══ DATASET ENTRIES

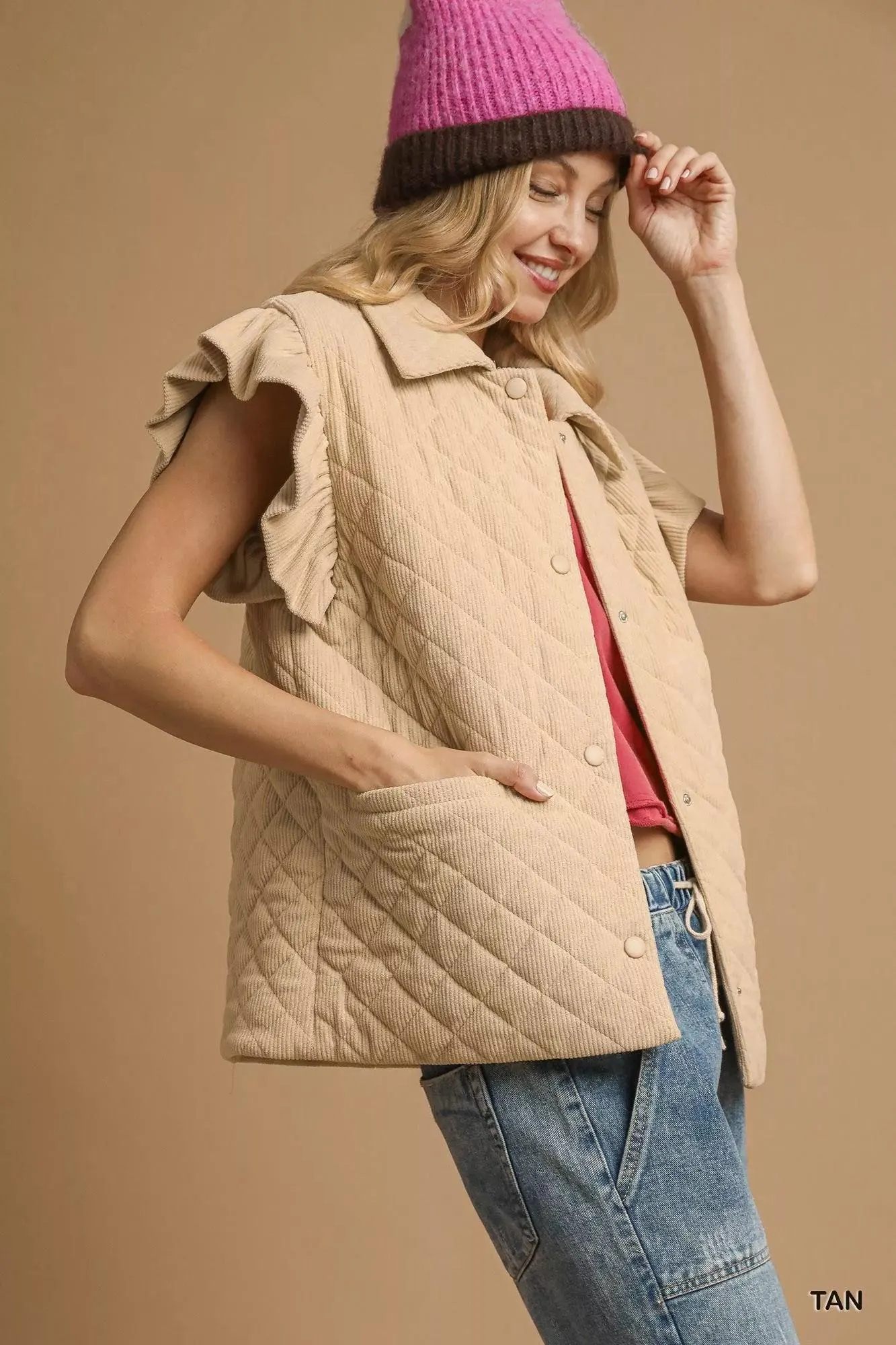 Quilted Cozy Corduroy Ruffle Vest in Beige — view 3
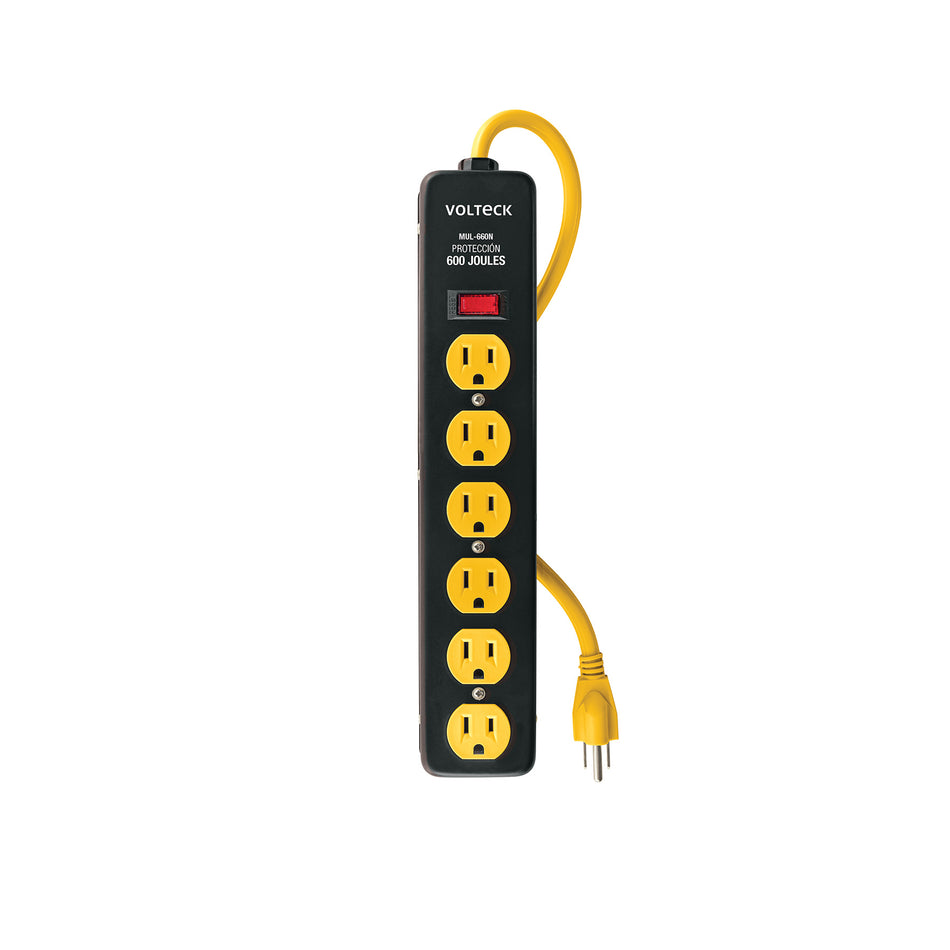 Multicontacto 14 AWG, 6 entradas sup. de picos 600 J, negro SKU MUL-660N0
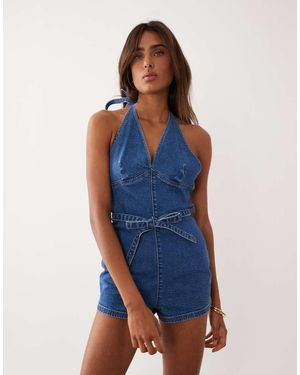 Miss Selfridge Plunge Tie Waist Playsuit - Blue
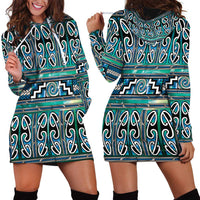 Maori Matariki Hoodie Dress Green Galaxy Aesthetic Koru Art LT01 - Polynesian Pride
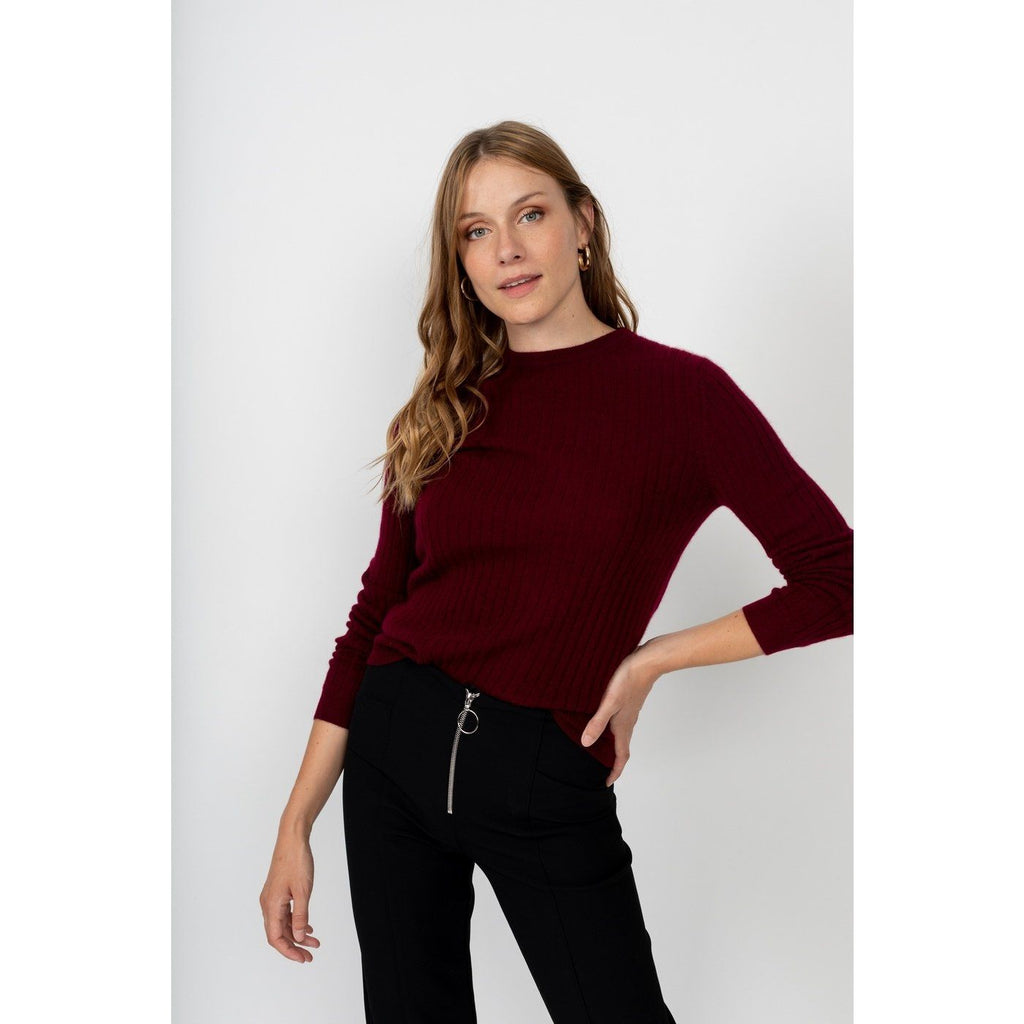 Pull Col Rond Kylie Burgundy, 100% Cachemire, 2 Fils, Côtes Traditionelles - Femme - Perfect Cashmere - The Bradery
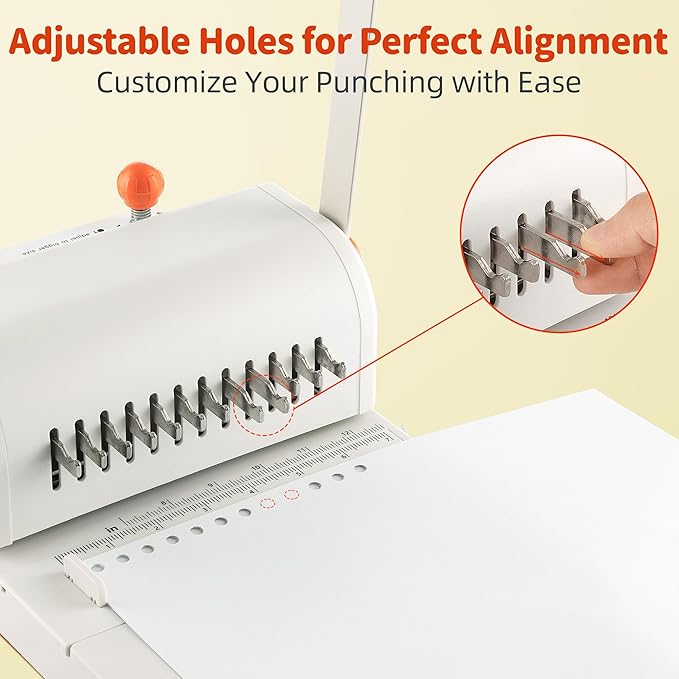 Binding Machine Kit 2:1 Hole Pitch Book Binding Kit with 10PCS 5/8'' Wires and Plier, Manual Paper Punch Binder for DIY Notebooks, Journals, Albums, School Projects, Home/Office Use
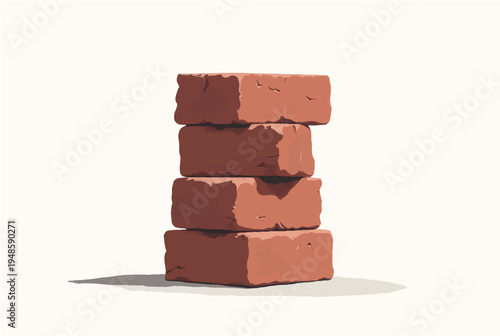 A stack of bricks. Illustration of a stack of bricks on a white background. 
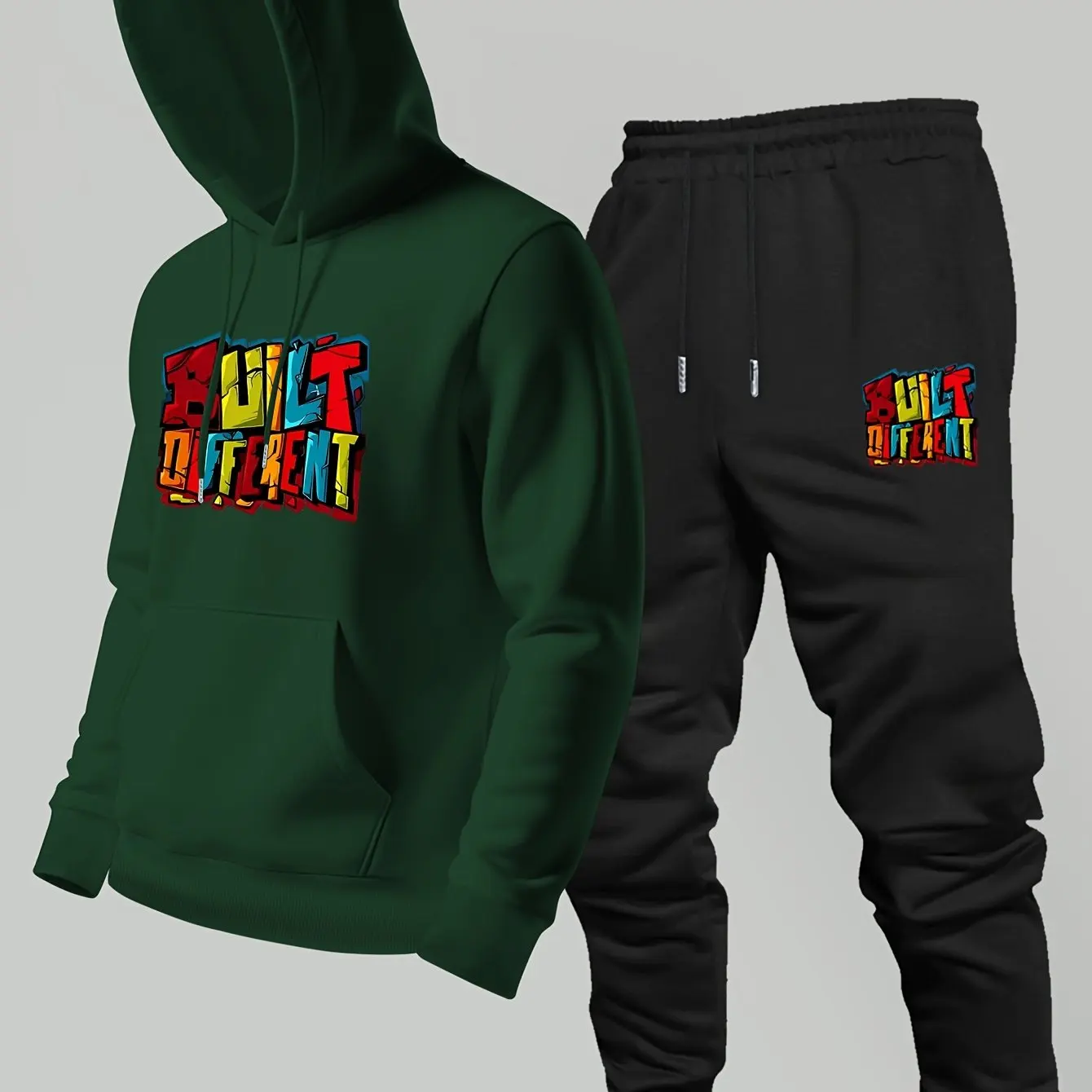 New Men Autumn Winter 2‑Piece Hoodie Jogger Pants Set Trendy Comfortable Loose Casual Sport Streetwear Daily Wear Tracksuit
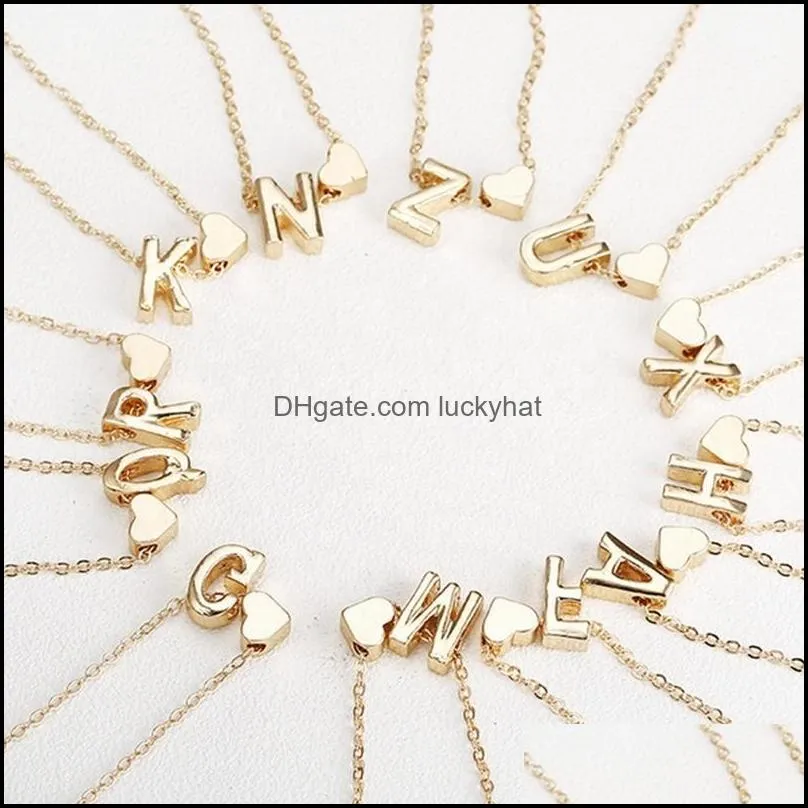 gold plated fashion cheap heart necklace women wholesale letter initial necklace 45cm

════

▶ [EXERCISE DIRECTIONS] Only what runs from the line holding "A stack of bricks." through the end of the entries above is to be given again, exactly, with every picture omitted.

▶ [ANSWER]
 A stack of bricks. Illustration of a stack of bricks on a white background. 
 New Men Autumn Winter 2‑Piece Hoodie Jogger Pants Set Trendy Comfortable Loose Casual Sport Streetwear Daily Wear Tracksuit
 gold plated fashion cheap heart necklace women wholesale letter initial necklace 45cm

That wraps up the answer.